あのエクヒリッチが自ら通信をしてくることなど、今まで一度たりともなかった。
常に強者との闘いを追い求め、それ以外のことには無関心な男だ。
故に、連携の期待できない隊だと考えていたが、存外本番になると協力的なのかもしれない。

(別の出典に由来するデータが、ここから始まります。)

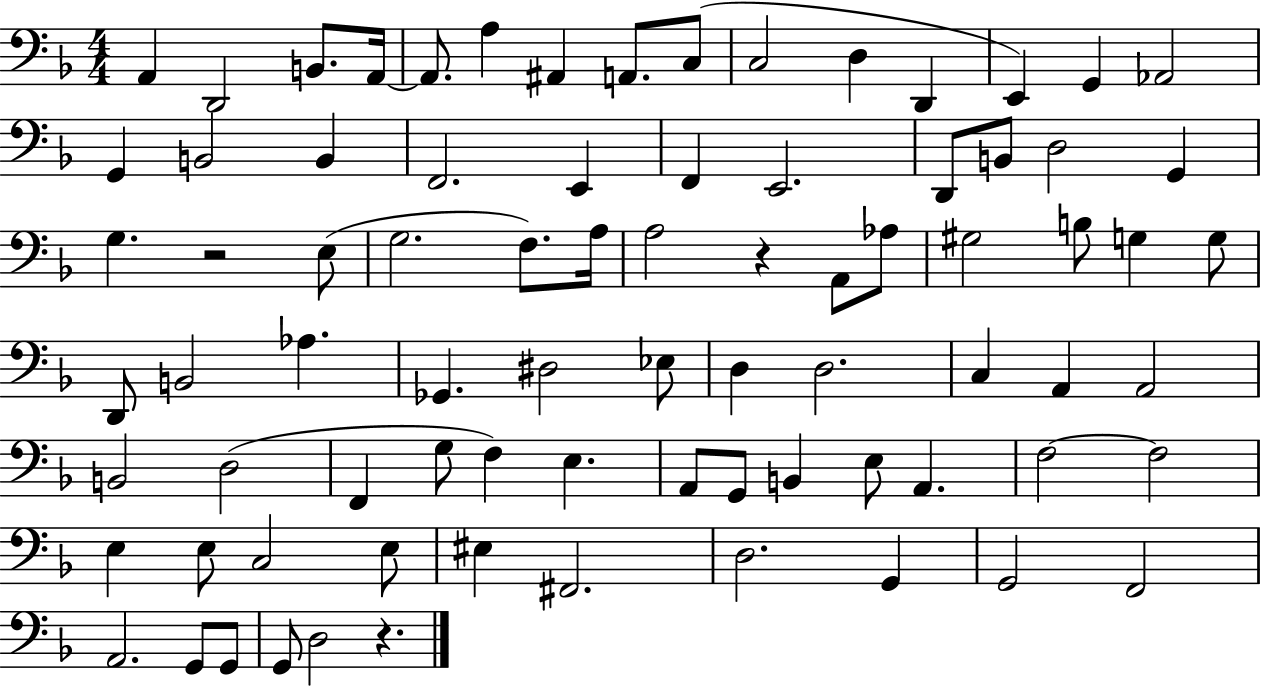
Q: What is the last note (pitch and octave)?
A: D3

エクヒリッチはそれだけを言い残すと、返事を待たずして通信を切った。
『あらあら、まあまあ。あのエクヒリッチさんが私たちに協力してくれるなんて……。やっと仲良くなってきた、ということですね!』
アイリスが呑気な言葉を並べる。
普段ほとんど話してくれないエクヒリッチからの連絡が、よほどうれしかったのだろう。
通話越しでも彼女の笑顔が分かる。
『アイリス、気持ちは分かるが、今はそのようなことを言っている時ではない。一分一秒でも長く敵を引きつけろ。エクヒリッチがクラッキングするまでの間、なんとか戦線を保て』
ローシュタインの喝に、ピリッとした緊張感が走る。
まだ戦いは終わっていない。
一瞬でも気を抜けば、次に気が付いた時には死んでいるかもしれないのだ。
『申し訳ないですわ、うれしくなってつい……』
『では、頼んだ。ミラージもよろしく頼む。ここが踏ん張り時だ』
通信が終わり、ミラージはオブジェに背を預けながら敵の様子をうかがう。
無尽蔵にあるのではないかというレーザーが、先ほどから途切れることなく飛んでくる。
ローシュタインはああ言っていたものの、ここからどうやって戦線を保つべきか。
ミラージは頭を悩ませる。
近づけない以上、こちらも遠距離からの銃撃戦を行う他はない。
だが、それはセリアンスロープとしての能力が制限されることを意味する。
タモトのような中遠距離からでも、強力なセリアンスロープの能力を持っている隊員がいれば話は別だが、しかし、そこまで力を扱える者はここにはいない。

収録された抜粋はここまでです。